Uważajmy zatem na tę przepaść, miejmy ją stale na uwadze, nie spuszczajmy z niej oka nawet na chwilę: przepaść między biednymi a bogatymi, między pierwszym a trzecim światem, między szkołami prywatnymi a państwowymi, pacjentami prywatnymi a państwowymi, płacami kobiet a płacami mężczyzn, liczbą kobiet a liczbą mężczyzn na uniwersytetach, w biznesie, w parlamentach, temperaturą teraz a temperaturą... no dobrze, może globalnego ocieplenia nie da się w ten schemat wepchnąć (choć w ogólny schemat z kwestią przepaści związany, czyli schemat dotyczący moralności w polityce – jak najbardziej, o czym za chwilę).
Równość, czyli niwelowanie
We wszechobecnym nacisku na przepaść niepostrzeżenie, bezdyskusyjnie zostało przyjęte pewne milczące założenie: że równość jest dobrem największym. Nie wyrównanie szans, lecz równość, czyli w praktyce niwelowanie wszelkich nierówności. Założenie to z kolei jest związane z szeregiem innych, na ogół wraz z mową o przepaści gdzieś tam w tle się kryjących, z których najważniejsze są dwa: że to państwo powinno się troszczyć o nasz dobrobyt, zdejmując z nas i biorąc na siebie jak największą ilość obowiązków, i że miarą dobrej polityki państwa jest wysokość jego wydatków – niezależnie od prawdziwych korzyści z nich płynących. Słyszy się też dość często enigmatyczny pogląd, że taka właśnie polityka jest „moralna".
Wraz z tymi zasadami zostało przez intelektualne liberalno-lewicowe elity przyjęte, jak to bezwyjątkowo w takich przypadkach bywa, w każdym zakątku świata i na każdy temat, że ktokolwiek im zaprzecza – a zatem kto mniej się o przepaść troszczy niż o realną poprawę kondycji tych, co po niekorzystnej jej stronie się znajdują – jest zły, niemoralny, wyzuty z ludzkich uczuć, z troski, z solidarności, ze wszelkiego współczucia.

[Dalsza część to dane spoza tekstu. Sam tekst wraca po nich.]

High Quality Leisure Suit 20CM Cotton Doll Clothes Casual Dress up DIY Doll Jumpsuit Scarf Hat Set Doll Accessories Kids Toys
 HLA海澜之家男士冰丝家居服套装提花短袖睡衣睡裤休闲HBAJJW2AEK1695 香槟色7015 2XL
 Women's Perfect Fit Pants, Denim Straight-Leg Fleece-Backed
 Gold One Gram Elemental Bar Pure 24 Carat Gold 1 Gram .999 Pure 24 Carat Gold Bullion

Warto w tym miejscu zauważyć, że lewicowe elity (znów: jak to często u lewicowych elit bywa) popadają tu w sprzeczność; to, czego nie lubią, jest dla nich złem absolutnym, lecz jednocześnie duża ich część, jako moralni i kulturalni relatywiści, samo pojęcie zła absolutnego potępiają.
Tak więc choć obiektywnych kryteriów zła i dobra rzecz jasna nie ma i być nie może, zło absolutne równie oczywiście znajduje się po stronie... i tu dobrze znany spis: tych, co nie troszczą się o przepaść, co kwestionują wydatki państwa, co nie wierzą w antropogenne globalne ocieplenie (odtąd AGO, bo będzie jeszcze o nim mowa), co bronią wartości zachodniej cywilizacji, co bronią chrześcijaństwa, co ośmielają się krytykować islam itd.